Tempels, olifanten en aardbeien

Chiang Mai deel 2

Dag 12 - dag 15 (15/01 - 18/01): op ontdekking in Chiang Mai en omstreken



Wij en steden: het blijft een dubbel gevoel.  Chiang Mai is een toffe stad en ik kan me inbeelden dat je hier kan wonen.  Je hebt en vindt hier werkelijk alles wat je wil of nodig zou hebben.  Een shoppingparadijs, heerlijk eten, leuke bars, cultuur, natuur, ...  Anderzijds, al reizend met onze twee kleine pagadders merken we dat we snakken naar rust en groen en ruimte en minder stad vooral.  Dit nemen we dus mee in onze verdere reisplanning en we zullen het bezoek aan steden beperken en eventueel zelfs vermijden.

Night Market
Chiang Mai
Maar dit gezegd zijnde hebben we er wel een leuke tijd opzitten hier in Chiang Mai.  We hebben hier bijvoorbeeld ontzettend lekker gegeten.  Red curry is toch mijn favoriet en ik kan elke dag beter tegen de pikantheid.  Mocht je ooit in Chiang Mai zijn, dan kunnen we je het restaurant Lemongrass aanraden.  Een toppertje!  En als je je even thuis wil voelen, loop dan eens de Mellowmango binnen, de bar van Michel zijn neef Yves en zijn vriend God, waar je Belgische pintjes kan drinken en stoofvlees met frietjes kan eten.

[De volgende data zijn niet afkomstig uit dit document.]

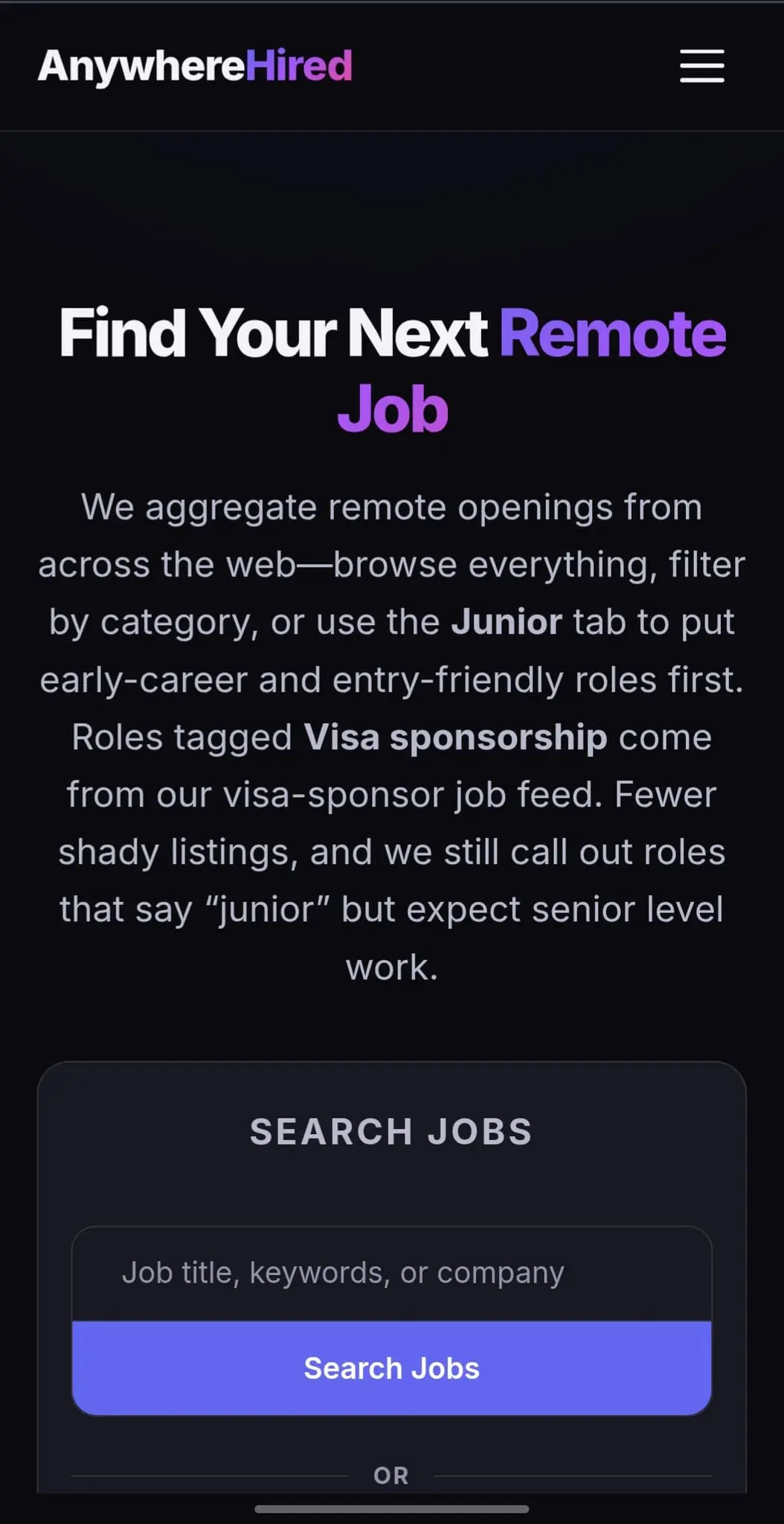Screenshot 3 of AnywhereHired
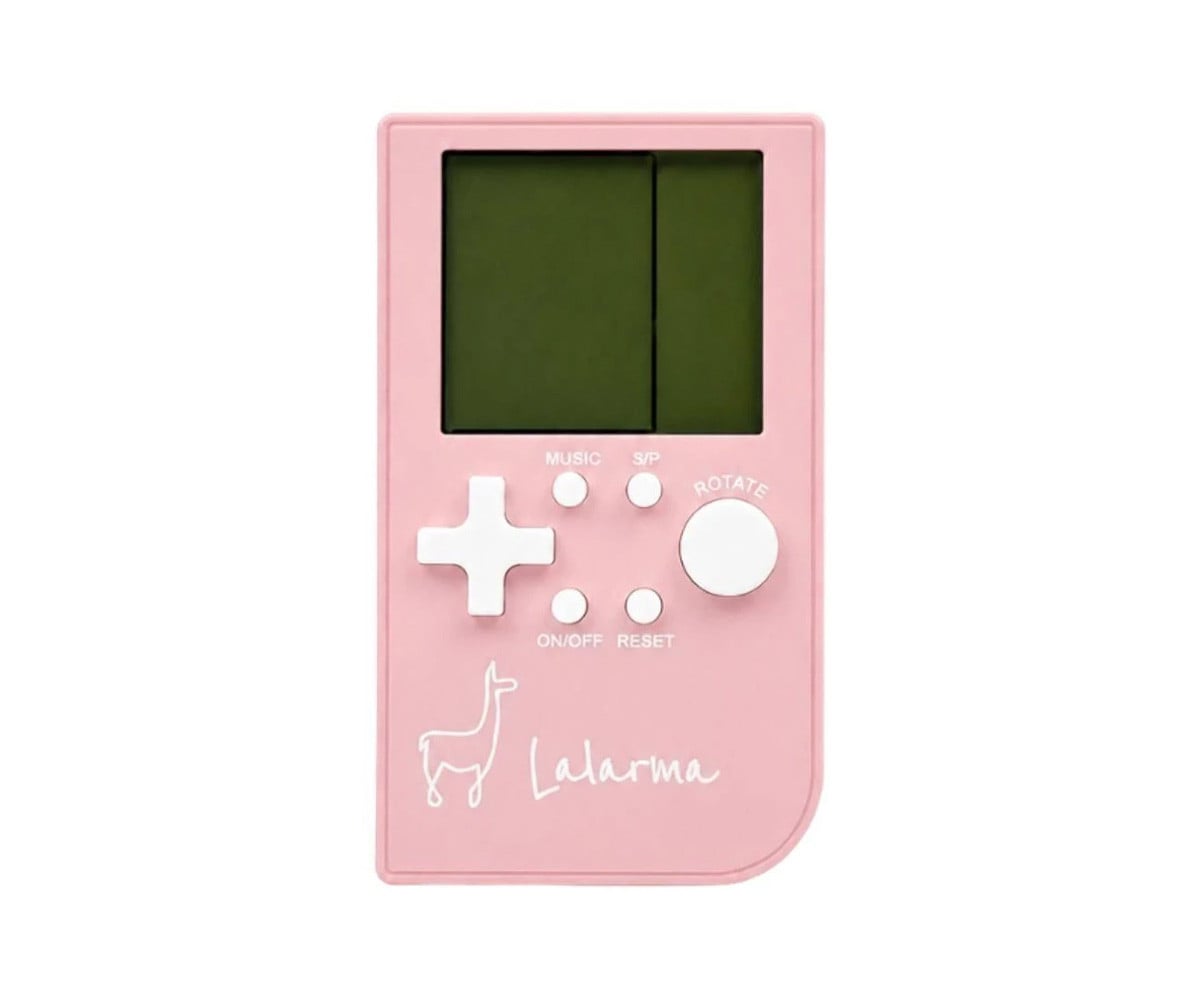 Console da Gioco Tascabile Retro Rosa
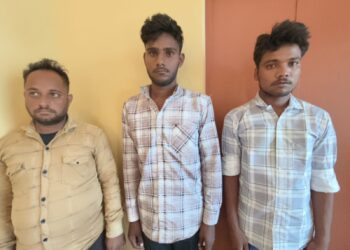 देसुरी-मकानों, मंदिरों एवं महिलाओं और बुजुर्गों से लुट चोरी करने वाली गैंग के 03 शातिर आरोपी गिरफतार शेष गैंग के सदस्यो की तलाश जारी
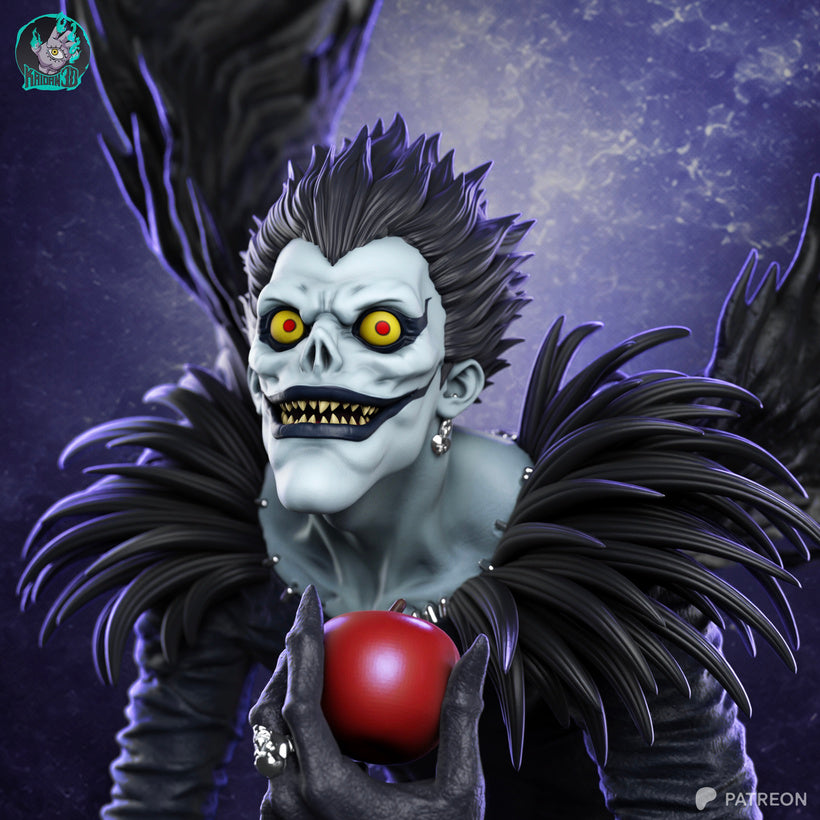 Harbinger Of Death - Maximum Detailed 16K Resin Statue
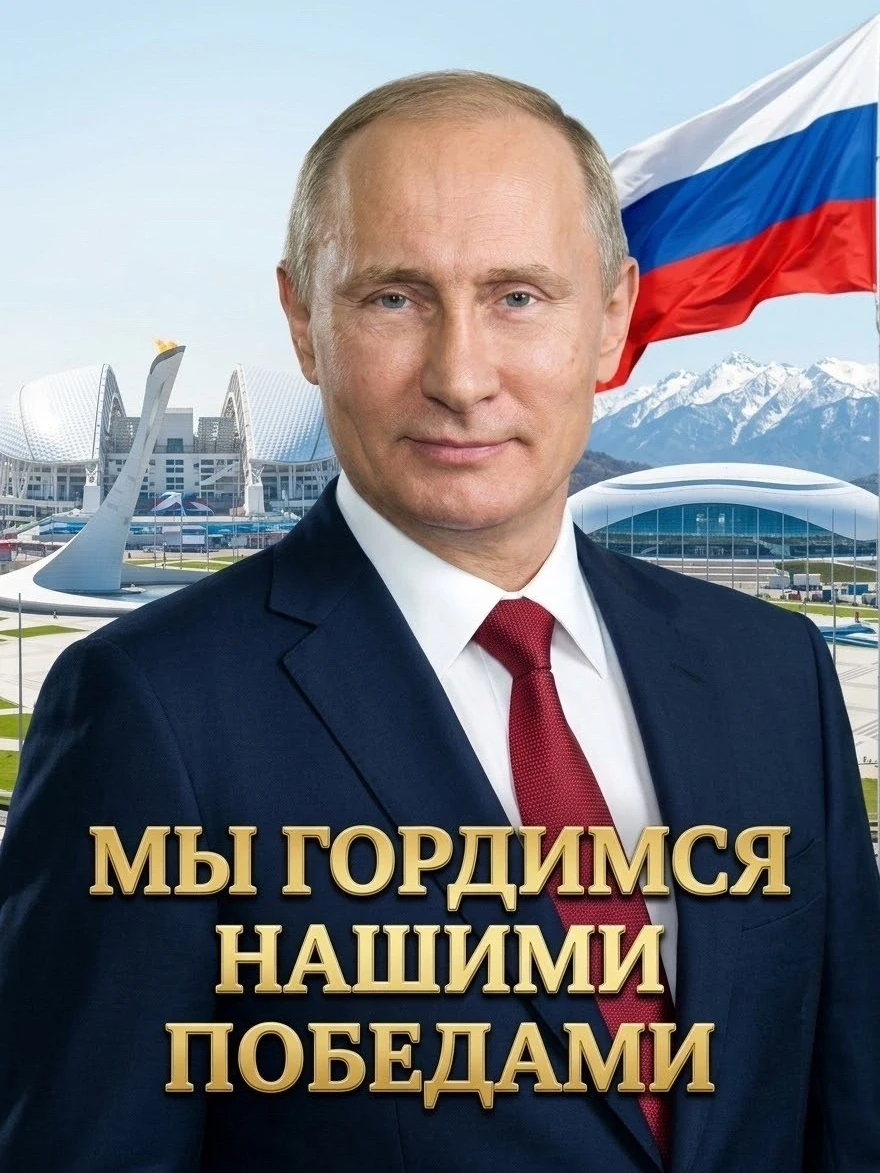 За Президента! 🇷🇺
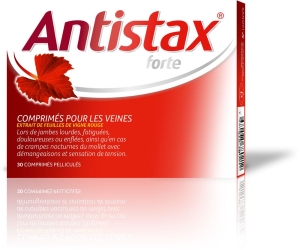 ANTISTAX forte Tabletten, 30 Stück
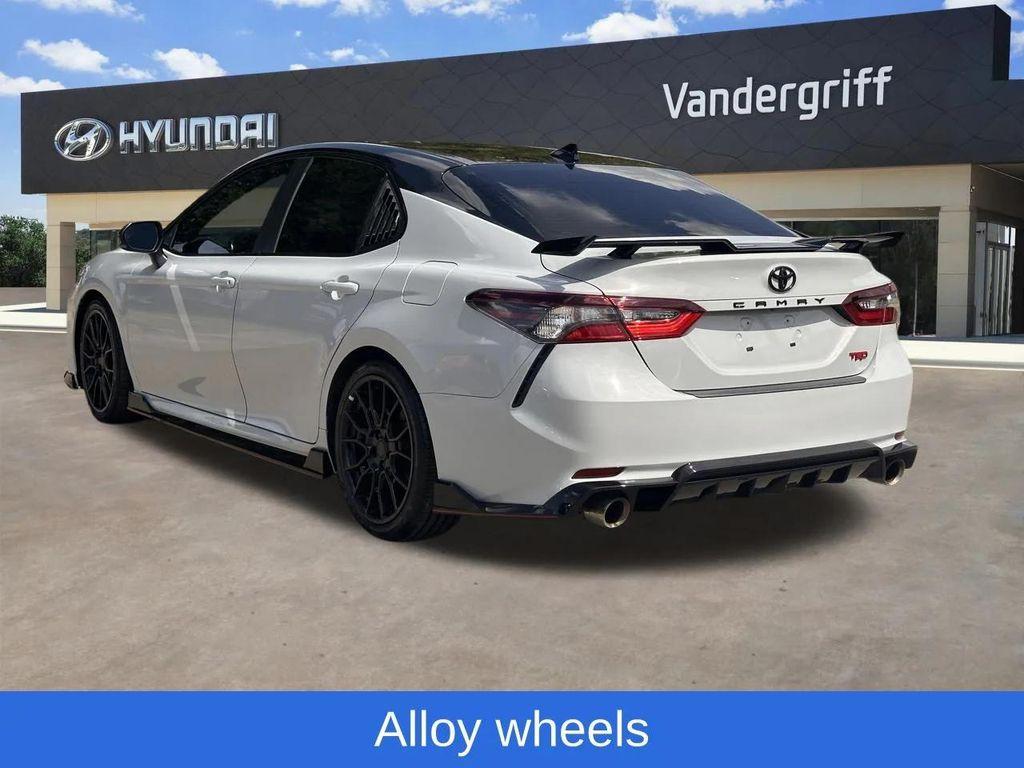 used 2021 Toyota Camry car, priced at $28,807
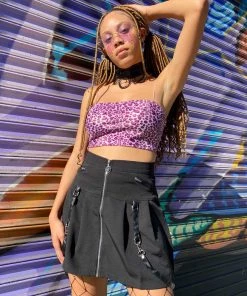 AE Not The Average Schoolgirl Plaid Skirt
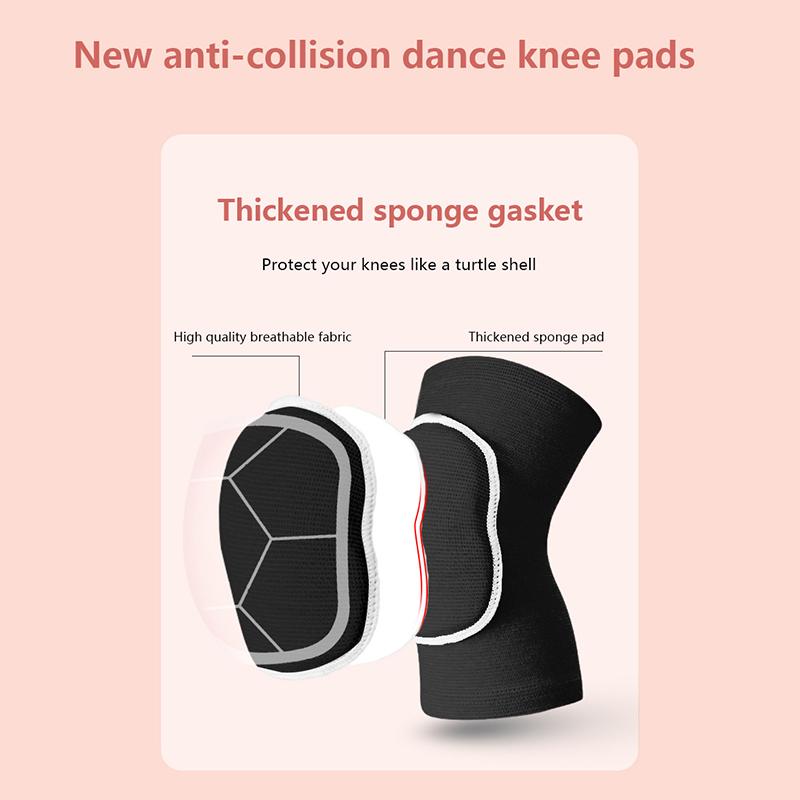 Tanz Knieschoner für Volleyball Yoga Frauen Kinder Männer Patella Bandage Unterstützung Eva Knieschoner Fitness Schutz Arbeitsausrüstung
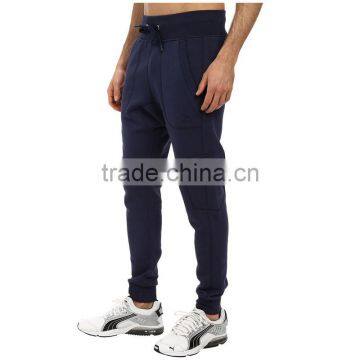 Men Knit Plain Side Pockets Pants photo-4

Een lekker wijntje in de Mellowmango

De nightmarkets of Saturday walking street zijn een waar shoppingparadijs vol leuke souvenirtjes en interessante foodstands (krokodil iemand? of een hot sperm cocktail?).  Fijn voor de kleintjes is dat je ook even gewoon helemaal vertrouwd kan gaan met lekkere frietjes of pannenkoeken met nutella of een heerlijk aardbeienijsje.  Niet dat we te klagen hebben over de kindjes en hun eten: Eli is van "bah, rijst" geëvolueerd naar "rijst in ruil voor een ijsje" overgegaan tot "Mag ik nog wat rijst, mama?".

Red curry met Chang bier: altijd een winner.

Night market.  Eli al helemaal in de stijl van een hippie backpacker.

En nu we toch aan het stoefen zijn met onze kinderen: ze doen dat hier echt goed.  Sanna uiteraard met haar ziekenhuisbezoek.  Maar ook gewoon het vele reizen,  het stappen, de lange busritten, de ontzettend vele indrukken, de nieuwe bedjes elke keer opnieuw: geen gezeur, geen geklaag.  Ze gaan mee in alles en ze genieten er zelfs van.
We hadden hun rugzakjes gevuld met wat speelgoed, kleine dingen zoals playmobil, autootjes, een barbie, ...  Ze hebben hier nog met niets gespeeld.  Ze spelen met wat ze vinden: een takje, een blaadje, een fles, een rietje, ...  Nu hebben ze een plastic fles omgebouwd tot pop en zorgen ze daar voor als voor een echte baby.  Heerlijk om te zien.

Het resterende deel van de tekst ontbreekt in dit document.